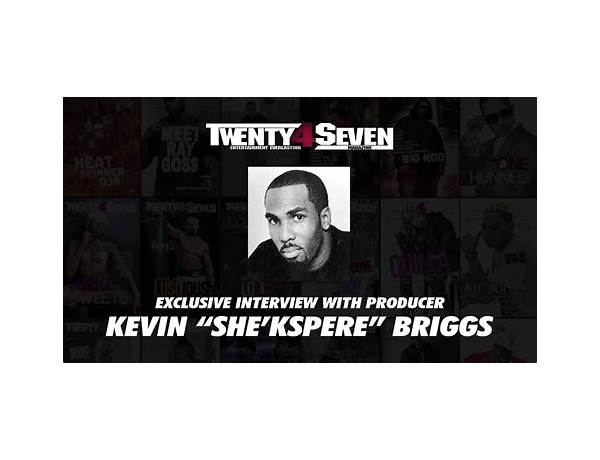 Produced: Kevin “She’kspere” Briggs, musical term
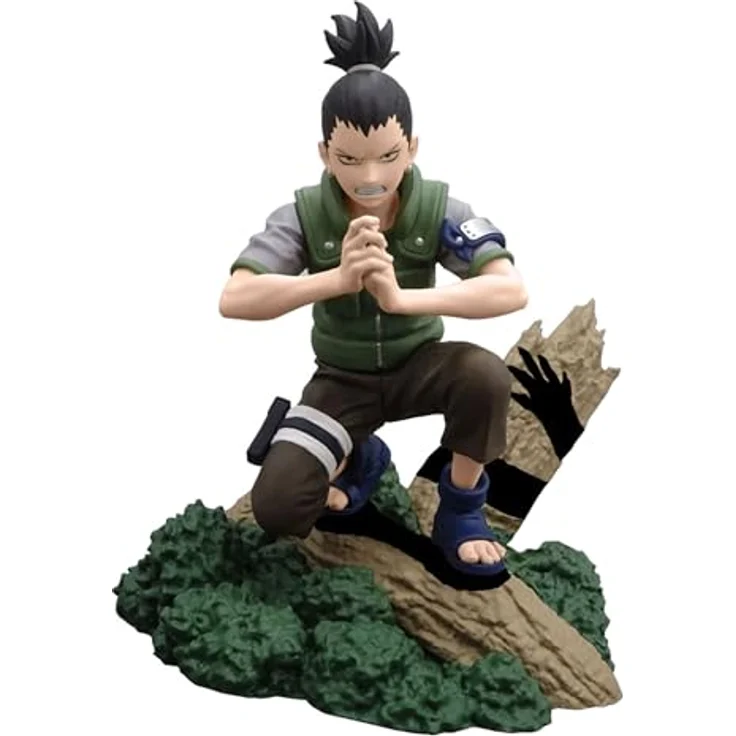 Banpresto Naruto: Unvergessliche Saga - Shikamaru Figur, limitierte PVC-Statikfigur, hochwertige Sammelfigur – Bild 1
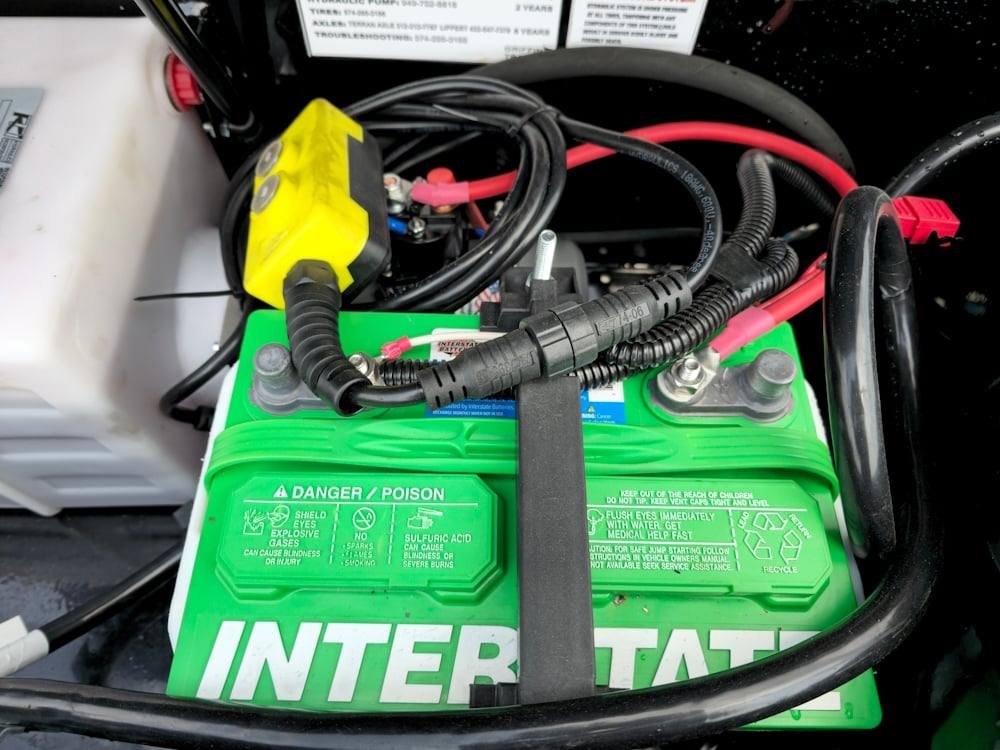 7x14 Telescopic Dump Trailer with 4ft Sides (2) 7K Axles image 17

• Task to carry out:
The response must restate each line of the material above exactly and contain no images.

• Task output:
 Produced: Kevin “She’kspere” Briggs, musical term
 Banpresto Naruto: Unvergessliche Saga - Shikamaru Figur, limitierte PVC-Statikfigur, hochwertige Sammelfigur – Bild 1
 7x14 Telescopic Dump Trailer with 4ft Sides (2) 7K Axles image 17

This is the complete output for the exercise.